That's a problem, yeah. I think it would depend on whether "intent to defraud" could be demonstrated, and whether it gets prosecuted as "theft of services"... there's a fine can of worms, considering that Facebook users are the product being sold by Facebook. Are they thereby defrauding their advertisers??

(In the U.S., generally you can call yourself whatever you like so long as there's no intent to defraud.)

Comment Re:just die already (Score 1) 124

This was 2001. At the time there weren't all that many options in free FTP hosts, let alone with decent bandwidth. Walnut Creek's FTP.CDROM.COM had been THE main archive host for the whole world for a decade, and a lot of scenes depended on it. Mirrors that could handle its level of traffic were rare to nonexistent, and often limited to university use. Bandwidth/hosting was still expensive and even our puny 4GB archive was still a LOT of data (IIRC total data was about 300GB). So yeah, single point of failure wasn't a good thing, but you can't entirely blame facepalmworthy users here. We used what we had. And it failed us. Mirrors have since proliferated and hosting/bandwidth have become cheap, so today's self-appointed experts think the world was always that way and anyone who did different was too stupid to live.

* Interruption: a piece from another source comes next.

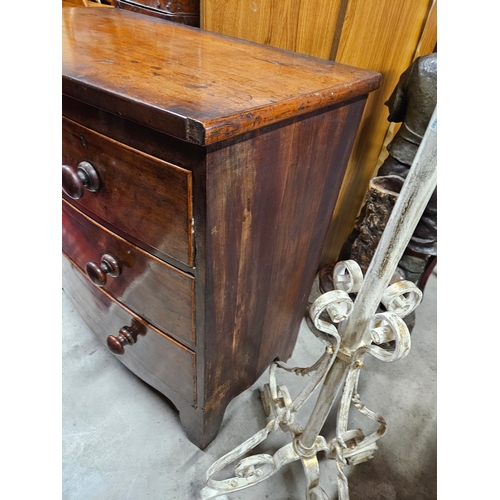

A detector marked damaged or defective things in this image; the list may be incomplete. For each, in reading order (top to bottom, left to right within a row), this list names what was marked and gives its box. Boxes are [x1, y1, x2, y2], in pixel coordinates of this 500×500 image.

Comment Re:This policy is ridiculous (Score 1) 290

And they fail to consider that anyone with a good printer and an editing program can whip up a convincing driver's license, certainly good enough to pass muster as a photocopy.

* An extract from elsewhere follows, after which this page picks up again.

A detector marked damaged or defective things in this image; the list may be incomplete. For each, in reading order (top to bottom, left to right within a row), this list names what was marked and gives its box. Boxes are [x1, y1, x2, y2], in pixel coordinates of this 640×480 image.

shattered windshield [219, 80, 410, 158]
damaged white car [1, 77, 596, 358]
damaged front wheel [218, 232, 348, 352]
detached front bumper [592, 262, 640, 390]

And yet there are over 500 Facebook users right now with the same rather unconvincing 'real name' as my own account.

Comment Re:just die already (Score 1) 124

And remember when the old Walnut Creek FTP was acquired by Digital River, who shortly thereafter nuked all the non-paying archives with absolutely no notice??

The DOOM archive was saved because I'd found some financial statements that Digital River had accidentally left accessible, and judging by the state of their profits, I smelled trouble and predicted that the free FTP would very soon go away. Fortunately the DOOM archive maintainer believed me, and mirrored our stuff elsewhere.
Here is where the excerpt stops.